# HTML: Prevent page break in Kindle 2



## Jonah (Dec 27, 2009)

Say I have a block quote that I don't want to be split across two pages when displayed on my Kindle.

What html tags can I use to prevent that splitting?


----------



## Betsy the Quilter (Oct 27, 2008)

Hi, Jonah!

Welcome to KindleBoards and congratulations on your first post!

Your question is probably best answered by one of our resident authors who self publish on the Kindle, and they mostly hang out in the Book Bazaar. 
http://www.kboards.com/index.php/board,42.0.html

If they don't find you here soon, you might want to repost there!

Betsy


----------



## KBoards Admin (Nov 27, 2007)

Welcome, Jonah - Betsy and I just conferred about this and we're moving the post to Book Bazaar to see if some help is available for you there! - Harvey


----------



## SusanCassidy (Nov 9, 2008)

I don't think there is a way. The HTML supported by Mobipocket format is fairly limited, anyway.
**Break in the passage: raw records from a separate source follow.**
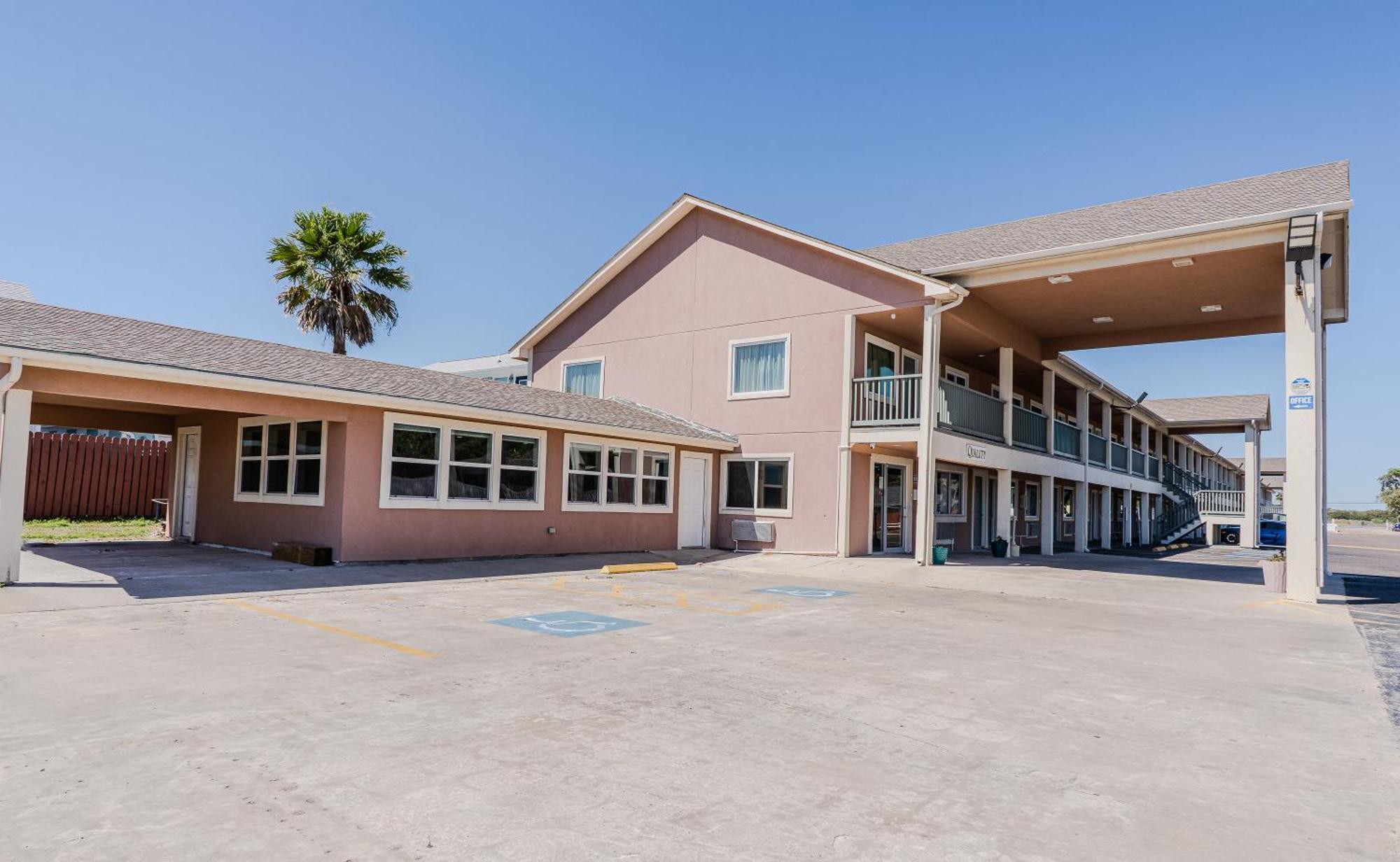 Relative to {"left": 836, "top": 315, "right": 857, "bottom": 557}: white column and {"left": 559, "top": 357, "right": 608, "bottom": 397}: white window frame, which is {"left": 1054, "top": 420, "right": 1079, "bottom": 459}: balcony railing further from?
{"left": 559, "top": 357, "right": 608, "bottom": 397}: white window frame

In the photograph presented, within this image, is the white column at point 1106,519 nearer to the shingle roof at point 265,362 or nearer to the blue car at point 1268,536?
the blue car at point 1268,536

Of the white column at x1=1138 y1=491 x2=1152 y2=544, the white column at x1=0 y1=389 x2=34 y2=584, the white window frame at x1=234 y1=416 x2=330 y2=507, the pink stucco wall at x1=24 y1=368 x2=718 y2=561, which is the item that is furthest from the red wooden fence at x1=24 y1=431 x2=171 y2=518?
the white column at x1=1138 y1=491 x2=1152 y2=544

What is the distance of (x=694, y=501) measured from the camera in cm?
2053

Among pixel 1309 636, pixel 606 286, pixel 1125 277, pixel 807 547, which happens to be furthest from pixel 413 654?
pixel 606 286

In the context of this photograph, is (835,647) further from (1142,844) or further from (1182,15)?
(1182,15)

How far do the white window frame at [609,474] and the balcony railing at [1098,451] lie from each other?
15781mm

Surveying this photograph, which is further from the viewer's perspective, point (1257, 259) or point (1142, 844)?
point (1257, 259)

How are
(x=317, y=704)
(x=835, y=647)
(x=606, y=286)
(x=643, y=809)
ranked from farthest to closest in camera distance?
(x=606, y=286)
(x=835, y=647)
(x=317, y=704)
(x=643, y=809)

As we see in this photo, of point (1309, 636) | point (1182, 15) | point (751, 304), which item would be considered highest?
point (1182, 15)

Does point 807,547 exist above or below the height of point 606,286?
below

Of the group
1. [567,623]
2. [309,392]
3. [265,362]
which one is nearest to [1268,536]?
[567,623]

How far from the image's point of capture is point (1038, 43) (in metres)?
17.2

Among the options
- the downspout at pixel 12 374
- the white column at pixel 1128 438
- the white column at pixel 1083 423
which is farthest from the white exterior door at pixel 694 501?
the white column at pixel 1128 438

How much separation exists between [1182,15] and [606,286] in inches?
597
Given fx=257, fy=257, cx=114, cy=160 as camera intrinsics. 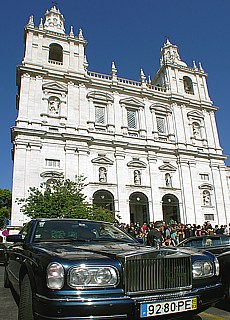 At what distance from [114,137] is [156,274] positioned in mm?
24226

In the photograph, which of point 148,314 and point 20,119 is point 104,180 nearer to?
point 20,119

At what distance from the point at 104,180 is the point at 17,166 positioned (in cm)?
803

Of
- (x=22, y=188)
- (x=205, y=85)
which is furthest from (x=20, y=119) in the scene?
(x=205, y=85)

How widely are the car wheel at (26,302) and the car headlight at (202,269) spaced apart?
1903 mm

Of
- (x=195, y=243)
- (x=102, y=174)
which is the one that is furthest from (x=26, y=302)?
(x=102, y=174)

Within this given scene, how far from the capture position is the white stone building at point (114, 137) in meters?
23.6

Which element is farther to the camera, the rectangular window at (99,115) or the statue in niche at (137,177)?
the rectangular window at (99,115)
HTML was designed to be one long page, so widow-and-orphan control was not a big problem, even in regular HTML. W3C: http://www.w3.org/Printing/fmtext.html#Widow.

Mobipocket paragraph control: http://www.mobipocket.com/dev/article.asp?BaseFolder=prcgen&File=justification.htm


----------



## Thumper (Feb 26, 2009)

Jonah said:


> Say I have a block quote that I don't want to be split across two pages when displayed on my Kindle.
> 
> What html tags can I use to prevent that splitting?


All I can think of is forcing a page break before the blockquote.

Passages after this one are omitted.